The directory name is a base32 encoded hash followed by the test name (e.g., vxr4kpqyb12fza1gv81bjj8k3i64mlqn-parse_url). Run npx vitiate init to create the directories, then add your seeds to the seeds/ subdirectory.

  • Cover different code paths. A JSON parser benefits from seeds with objects, arrays, strings, numbers, nested structures, and empty inputs.
  • Include edge cases. Empty input, very long input, inputs with special characters.
  • Be valid and invalid. Valid inputs exercise normal code paths; slightly invalid inputs exercise error handling.
  • Don’t worry about quantity. It’s fine to add many seeds - after fuzzing, run npx vitiate optimize to minimize the corpus down to the smallest set that maintains coverage.
Terminal window
# Initialize test data directories (creates seed directories for all fuzz tests)
npx vitiate init
# Find the created directory
SEED_DIR=$(ls -d .vitiate/testdata/*parseUrl*/seeds)
# Valid URLs of different shapes
echo -n 'https://example.com' > "$SEED_DIR/seed-https"
echo -n 'http://user:pass@host:8080/path?q=1#frag' > "$SEED_DIR/seed-full"
echo -n 'ftp://[::1]:21/' > "$SEED_DIR/seed-ipv6"
# Edge cases
echo -n '' > "$SEED_DIR/seed-empty"
echo -n ':///' > "$SEED_DIR/seed-minimal"

A dictionary is a file containing tokens - short byte sequences that are meaningful to your target. The fuzzer uses these tokens during mutation, inserting them into inputs to help reach code paths that depend on specific keywords or delimiters.

Vitiate uses the standard AFL/libFuzzer dictionary format. One token per line, enclosed in double quotes. Lines starting with # are comments. Empty lines are ignored.

# URL dictionary
protocol_http="http"
protocol_https="https"
"ftp"
"://"
"@"
":"
"/"
"?"
"&"
"="
"#"
"%20"
"%00"
"localhost"
"127.0.0.1"
"[::1]"

Tokens can have an optional name= prefix (e.g., protocol_http="http") which serves as a human-readable label and is ignored by the parser. Use \xHH hex escapes for binary bytes:

# Binary magic bytes
jpeg_magic="\xff\xd8\xff\xe0"
null="\x00"

The AFLplusplus dictionaries collection contains ready-to-use dictionaries for many common formats (JSON, XML, HTML, HTTP, SQL, and more). These are directly compatible with Vitiate’s -dict flag.

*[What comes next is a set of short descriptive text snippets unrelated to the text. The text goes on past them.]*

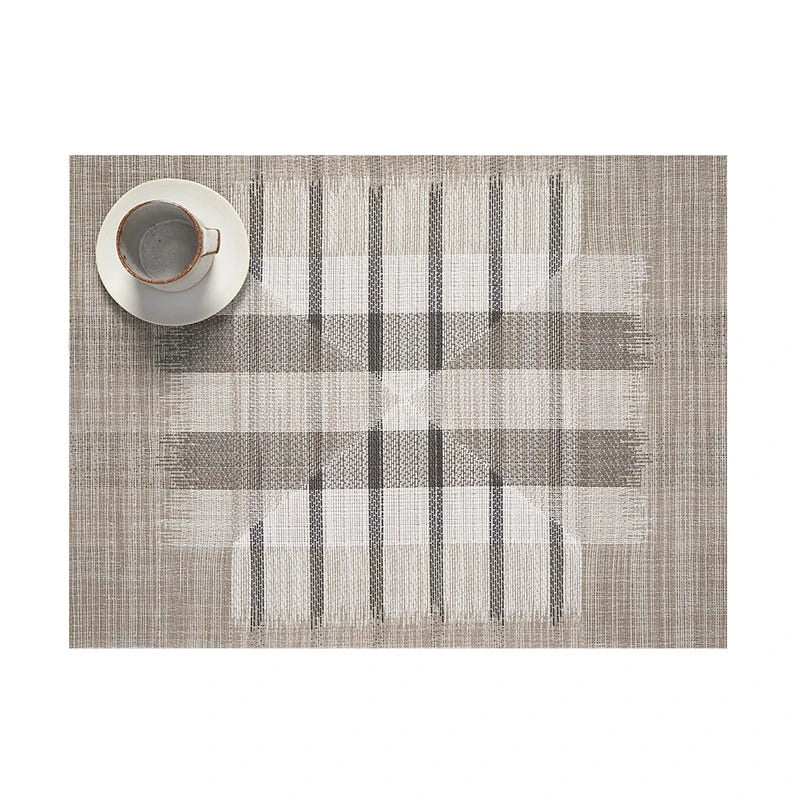 chilewich grey and brown placemat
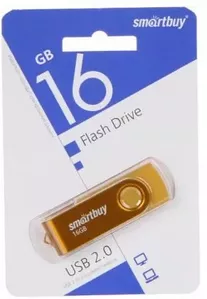 USB Flash SmartBuy UFD 16Gb 2.0 Twist Yellow SB016GB2TWY фото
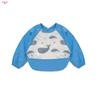 6-24 Months Cartoon Babys Bibs Kid's Waterproof Eva Apron Girls Boys Feeding Burp Cloths with Long Sleeves Newborns Saliva Towel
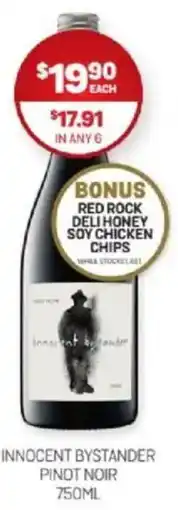 Harry Brown Innocent bystander pinot noir offer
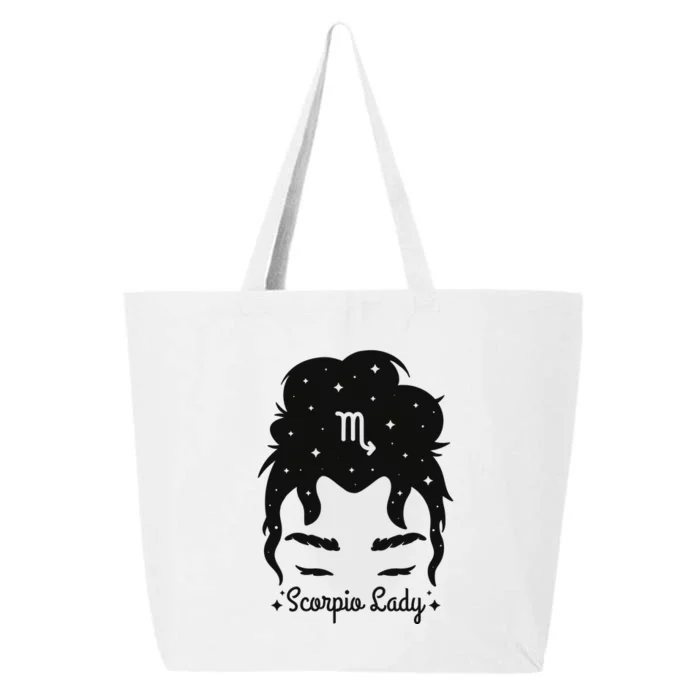 Scorpio Messy Hair Bun Birthday Gift 25L Jumbo Tote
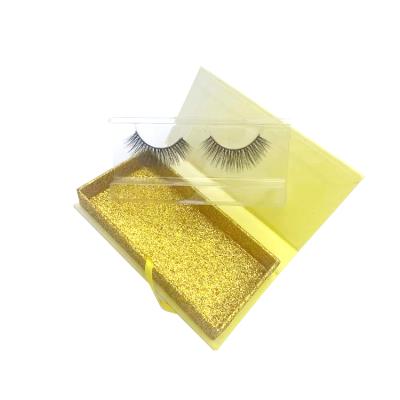 China Natural Makeup 18mm Hand Made Soft Synthetic Hair 3d Private Label Eyelash False Eyelashes for sale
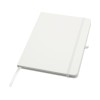 Teak блокнот А5 из переработан. материала в твердой обложке с линован. страницами - Белый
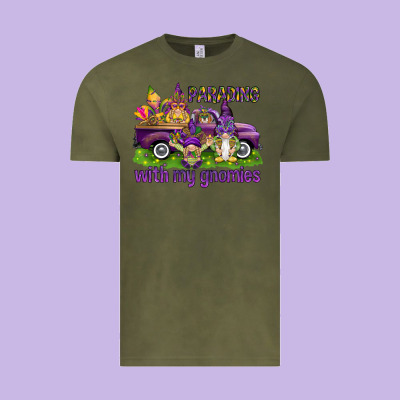 Parading With My Gnomies Vintage Tee Designed By Howdyjamesfarm
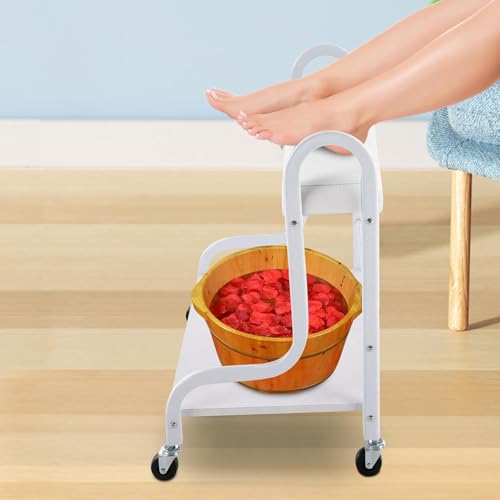 Carrito portátil para spa de pies y manicura con ruedas miniatura 2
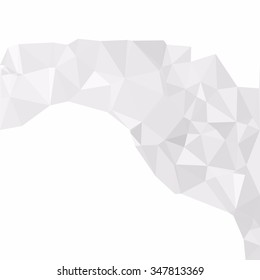 Gray White Polygonal Background, Creative Design Templates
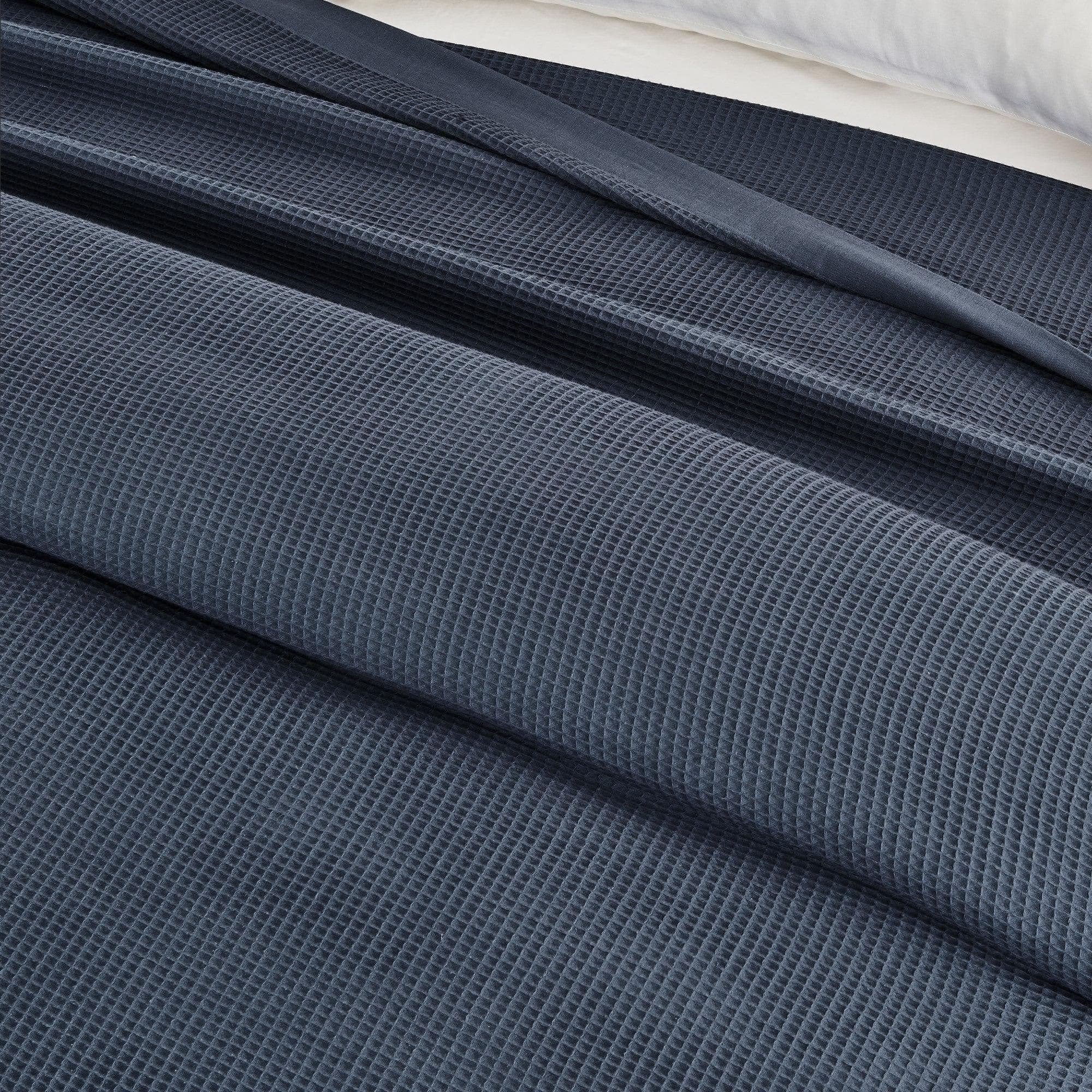 100% Cotton Small Waffle Weave Blanket - Hazel Collection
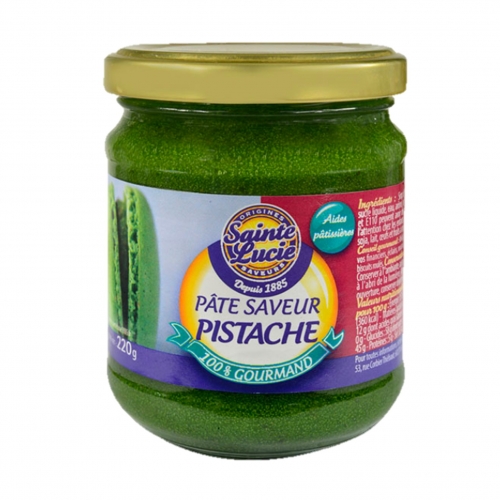 Grossiste Pâte saveur pistache pot 220g Sainte Lucie CT 6 POT prix en gros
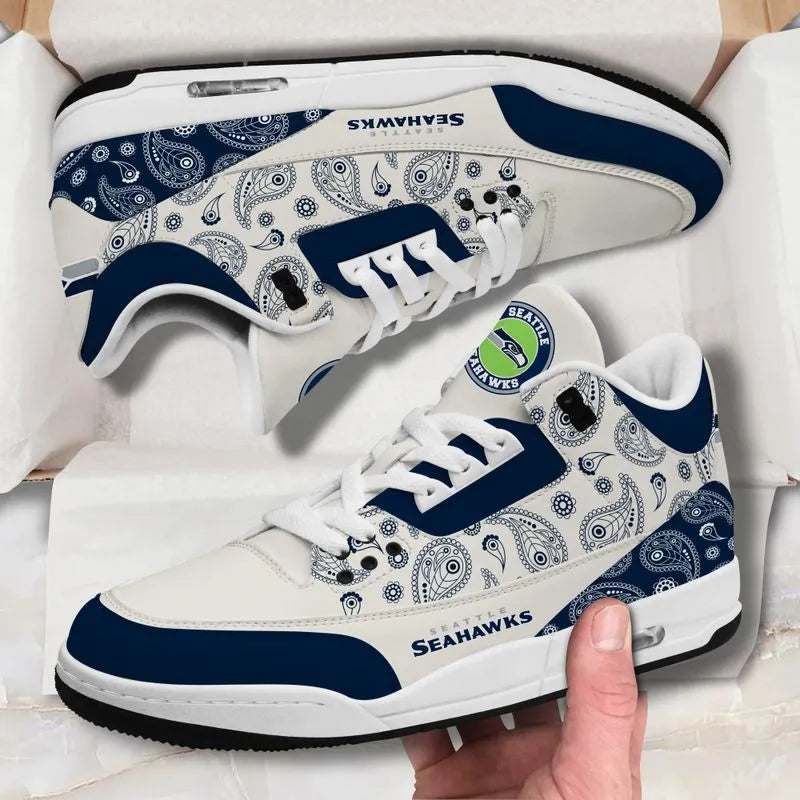 Seattle Seahawks Basic Leather JD03 Shoes Men and Women AZBTAJ3000213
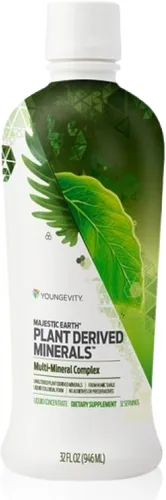 Vista 10 de Youngevity Minerales líquidos derivados de plantas, más de 77 minerales naturales sin alterar, 19,000 mg de sólidos minerales vegetales, esquisto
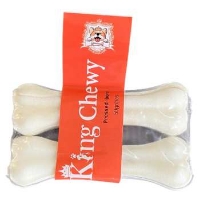تصویر  تشویقی King Chewy مدل استخوان کلسیمی 13 سانتی - 2 عددی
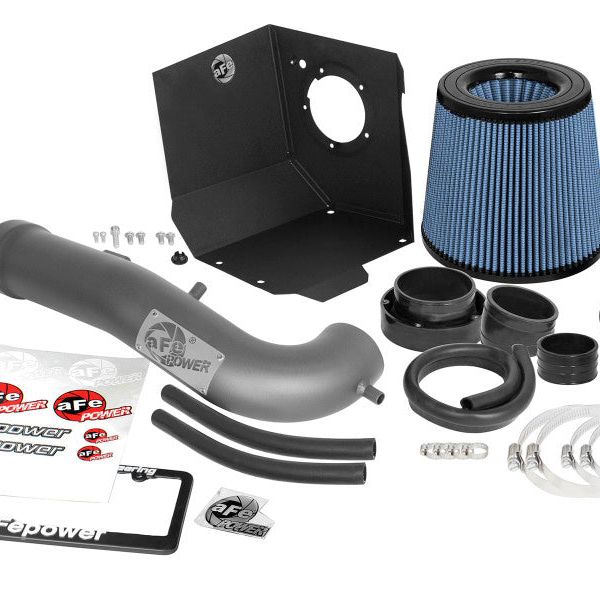 aFe Magnum FORCE Pro 5R Stage-2 Intake 14-17 GM Silverado/Sierra 1500 5.3L/6.2L w/ Electric Fan-Cold Air Intakes-aFe-AFE54-12332-GR-SMINKpower Performance Parts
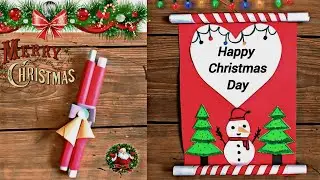 Diy Happy Christmas Day Greeting Card//Christmas Day Card Making//How to make Christmas Day Card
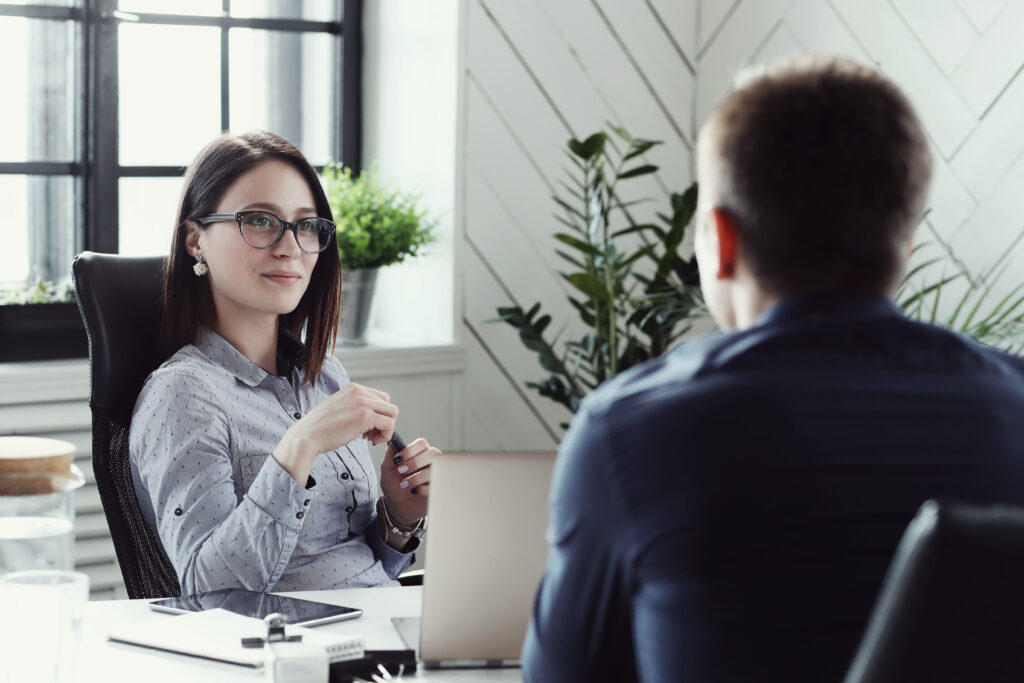 two people having a technical interview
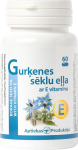APTIEKAS PRODUKCIJA su gurk&scaron;nių sėklų aliejumi su vitaminu E kapsulės, 60 vnt.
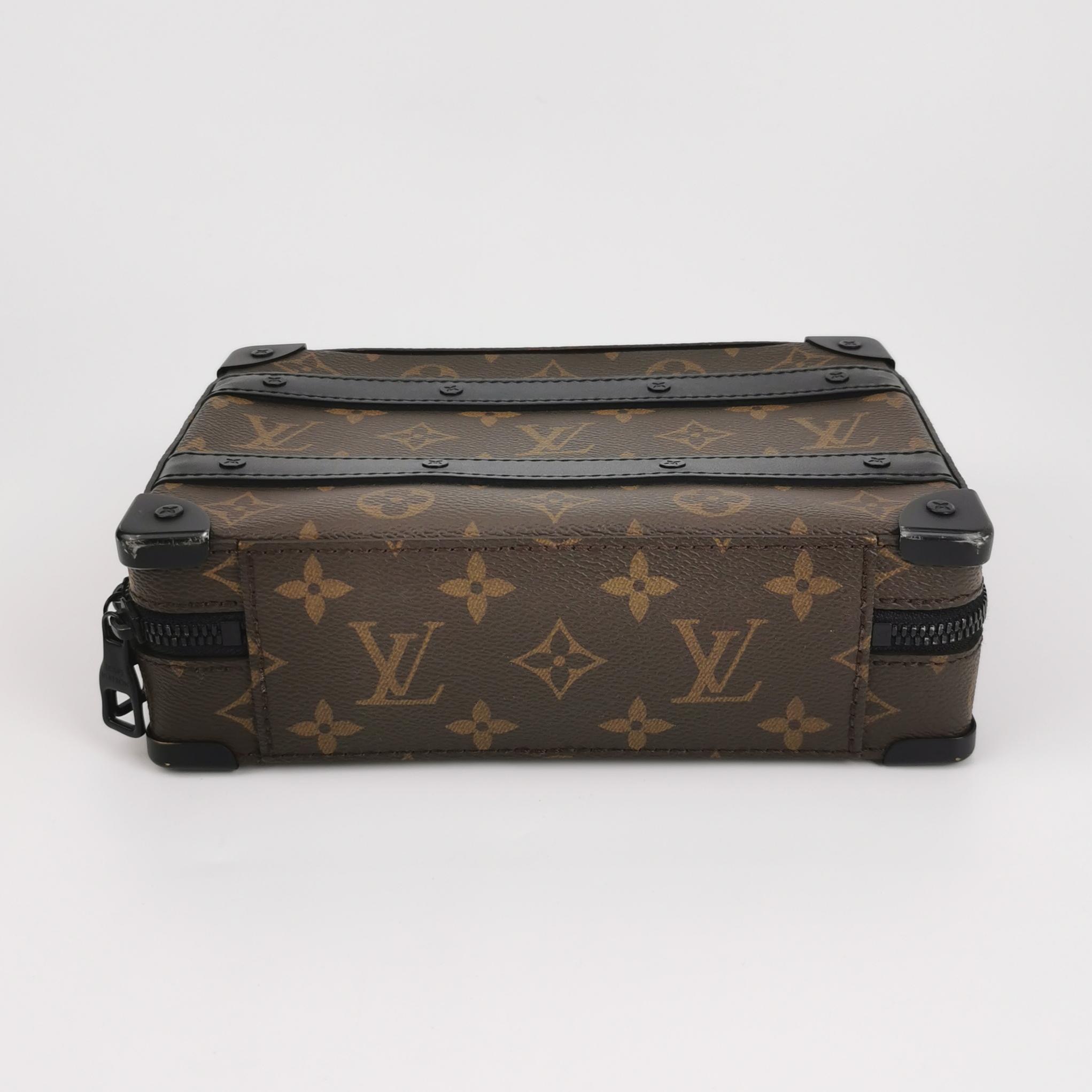 Louis Vuitton(LV) Handle Soft Trunk Bag Macassar Monogram Canvas — photo 6 of 15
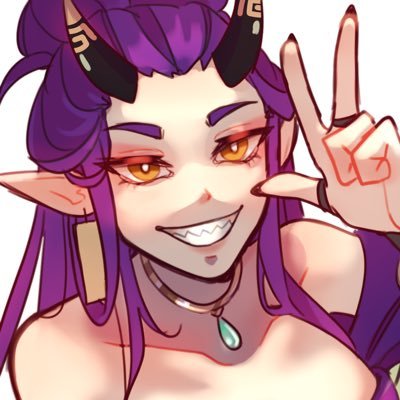 I’m here to cause problems and grant some wishes~ For a price! 🎨+rigging: @maygebee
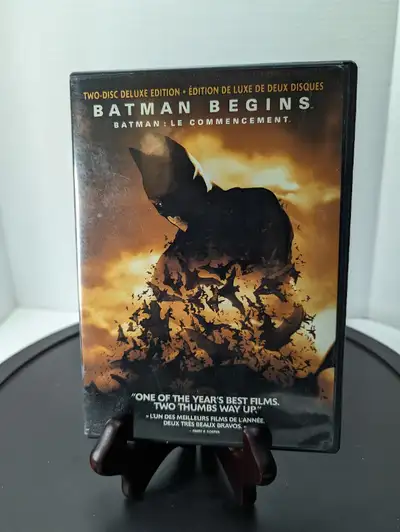 Batman Begins Two-Disc Deluxe Edition DVD Set, View more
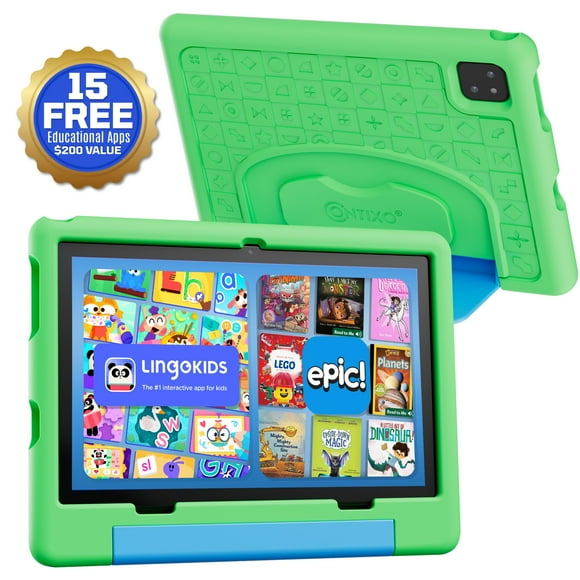 Contixo A10 Tablet Educativa para Niños 10.1 Pulgadas Android 15 64GB con Control Parental, WiFi Dual Band, Bluetooth y Funda con Soporte
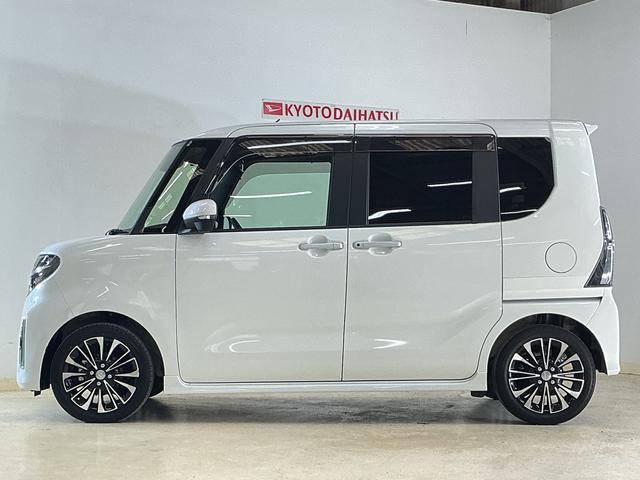 タントカスタムRS ワンオーナー ターボ ナビ パノラマモニターワンオーナー ターボ ナビ パノラマモニター ドラレコ ETC 両側電動スライドドア ロングスライドシート コーナーセンサー シートヒーター アダプティブクルーズコントロール オートマチックハイビーム(京都府)の中古車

Place the dictionary file directly in the test’s data directory at .vitiate/testdata/<hashdir>/ and it will be discovered automatically by convention. No CLI flag needed.

When using the standalone CLI, you can also specify a dictionary explicitly:

Terminal window
npx vitiate libfuzzer test/parser.fuzz.ts -dict path/to/custom.dict

When detectors are active, they automatically contribute relevant tokens to the dictionary. For example, the command injection detector adds shell metacharacters and the prototype pollution detector adds __proto__ and constructor. You do not need to include these manually.

  • Target-specific tokens are best. A JSON parser benefits from {, }, [, ], :, ", true, false, null. A CSV parser benefits from ,, \n, ".
  • Include encoding variations. URL-encoded versions (%2e%2e), Unicode escapes, null bytes.
  • Keep tokens short. The fuzzer combines and mutates them - long tokens reduce the mutation space.
  • Do not overload the dictionary. 10-50 tokens is typical. Hundreds of tokens slow down mutation and dilute effectiveness.